Mandarin-English Code-Switching in South-East Asia
Item Name: | Mandarin-English Code-Switching in South-East Asia |
Author(s): | Nanyang Technological University, Universiti Sains Malaysia |
LDC Catalog No.: | LDC2015S04 |
ISBN: | 1-58563-709-2 |
ISLRN: | 594-468-772-379-0 |
DOI: | https://doi.org/10.35111/5gyy-zq54 |
Release Date: | April 15, 2015 |
Member Year(s): | 2015 |
DCMI Type(s): | Sound, Text |
Sample Type: | flac |
Sample Rate: | 16000 |
Data Source(s): | microphone conversation, microphone speech |
Application(s): | speech recognition, language identification |
Language(s): | Mandarin Chinese, English |
Language ID(s): | cmn, eng |
License(s): |
LDC User Agreement for Non-Members |
Online Documentation: | LDC2015S04 Documents |
Licensing Instructions: | Subscription & Standard Members, and Non-Members |
Citation: | Nanyang Technological University, and Universiti Sains Malaysia. Mandarin-English Code-Switching in South-East Asia LDC2015S04. Web Download. Philadelphia: Linguistic Data Consortium, 2015. |
Related Works: | View |
Introduction
Mandarin-English Code-Switching in South-East Asia was developed by Nanyang Technological University and Universiti Sains Malaysia in Singapore and Malaysia, respectively. It is comprised of approximately 192 hours of Mandarin-English code-switching speech from 156 speakers with associated transcripts.

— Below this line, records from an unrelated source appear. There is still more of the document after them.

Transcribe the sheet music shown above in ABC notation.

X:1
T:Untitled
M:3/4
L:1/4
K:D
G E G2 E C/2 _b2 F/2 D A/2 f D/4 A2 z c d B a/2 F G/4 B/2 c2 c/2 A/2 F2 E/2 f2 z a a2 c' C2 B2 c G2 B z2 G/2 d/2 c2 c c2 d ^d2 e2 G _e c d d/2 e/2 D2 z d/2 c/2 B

Code-switching refers to the practice of shifting between languages or language varieties during conversation. This corpus focuses on the shift between Mandarin and English by Malaysian and Singaporean speakers. Speakers engaged in unscripted conversations and interviews. In the conversational speech segments, two speakers conversed freely with each other. The interviews consisted of questions from an interviewer and answers from an interviewee; only the interviewee's speech was recorded. Topics discussed range from hobbies, friends, and daily activities.
Data
The speakers were gender-balanced (49.7% female, 50.3% male) and between 19 and 33 years of age. Over 60% of the speakers were Singaporean; the rest were Malaysian.
The speech recordings were conducted in a quiet room using several microphones and recording devices. Details about the recording conditions are contained in the documentation provided with this release. The audio files in this corpus are 16KHz, 16-bit recordings in flac compressed wav format between 20 and 120 minutes in length.

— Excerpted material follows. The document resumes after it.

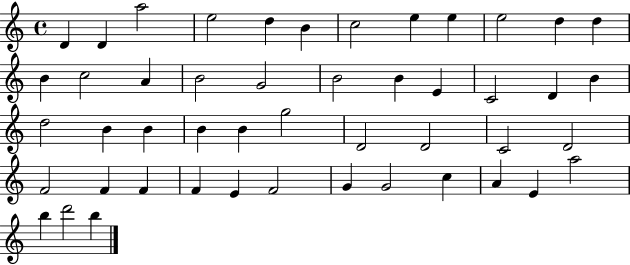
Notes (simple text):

Selected segments of the audio recordings were transcribed. Most of those segments contain code-switching utterances. The transcription file for each audio file is stored in UTF-8 tab-separated text file format.
Development and Training Divisions are available as a seperate download (SEAME_train_dev_division.zip) and on the provider's Github page.
Samples
Please view this audio sample and transcript sample.
Updates
As of 12/14/2015, an additional set of transcription files were added for all the audio. The transcriptions are updated based on the original transcription, with adding the previously un-transcribed utterance. The language label also is also added for each utterance in the transcription. File directories were also changed to reflect the update, specifically, the change is made under /data/{recording_type}/transcript/{phase_number}/
Where
- the {recording_type} is equal to 'conversation' or 'interview'
- the {phase_number} is equal to 'phaseI' or 'phaseII'
+) 'phaseI' contains all the existing transcription from the first release
+) 'phaseII' contains the newly updated transcriptions, where some typo mistakes, wrong boundary markers are corrected. Un-transcribed segments, which are normally monolingual and language label for each segment are added.
The documentation for the corpus also updated to include the detail description on the new update in section 3) Transcription.